* YOUR INSTRUCTIONS *
Every line in the records below between the one holding "Dog Stairs with" and the one holding "Birds pecking at suet and mealworms", inclusive, is to be set down exactly; all other lines are to be left out.

DATASET EXTRACT Start Marker

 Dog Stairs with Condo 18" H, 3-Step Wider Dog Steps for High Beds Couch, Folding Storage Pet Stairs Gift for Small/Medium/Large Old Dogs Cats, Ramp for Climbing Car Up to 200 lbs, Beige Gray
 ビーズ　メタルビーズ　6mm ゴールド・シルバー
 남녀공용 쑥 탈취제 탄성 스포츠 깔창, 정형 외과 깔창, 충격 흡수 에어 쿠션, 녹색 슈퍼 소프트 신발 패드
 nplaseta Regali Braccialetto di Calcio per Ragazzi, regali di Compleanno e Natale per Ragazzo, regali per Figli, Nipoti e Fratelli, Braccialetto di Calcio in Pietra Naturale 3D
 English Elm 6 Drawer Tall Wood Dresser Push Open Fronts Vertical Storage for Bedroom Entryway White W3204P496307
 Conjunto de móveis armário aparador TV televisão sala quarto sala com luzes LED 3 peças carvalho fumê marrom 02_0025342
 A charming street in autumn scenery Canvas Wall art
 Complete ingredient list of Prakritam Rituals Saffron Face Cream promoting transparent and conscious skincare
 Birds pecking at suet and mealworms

DATASET EXTRACT End Marker
DATASET EXTRACT Start Marker

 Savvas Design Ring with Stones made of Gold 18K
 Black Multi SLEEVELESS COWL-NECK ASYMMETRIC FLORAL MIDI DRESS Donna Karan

DATASET EXTRACT End Marker

* YOUR SOLUTION *
 Dog Stairs with Condo 18" H, 3-Step Wider Dog Steps for High Beds Couch, Folding Storage Pet Stairs Gift for Small/Medium/Large Old Dogs Cats, Ramp for Climbing Car Up to 200 lbs, Beige Gray
 ビーズ　メタルビーズ　6mm ゴールド・シルバー
 남녀공용 쑥 탈취제 탄성 스포츠 깔창, 정형 외과 깔창, 충격 흡수 에어 쿠션, 녹색 슈퍼 소프트 신발 패드
 nplaseta Regali Braccialetto di Calcio per Ragazzi, regali di Compleanno e Natale per Ragazzo, regali per Figli, Nipoti e Fratelli, Braccialetto di Calcio in Pietra Naturale 3D
 English Elm 6 Drawer Tall Wood Dresser Push Open Fronts Vertical Storage for Bedroom Entryway White W3204P496307
 Conjunto de móveis armário aparador TV televisão sala quarto sala com luzes LED 3 peças carvalho fumê marrom 02_0025342
 A charming street in autumn scenery Canvas Wall art
 Complete ingredient list of Prakritam Rituals Saffron Face Cream promoting transparent and conscious skincare
 Birds pecking at suet and mealworms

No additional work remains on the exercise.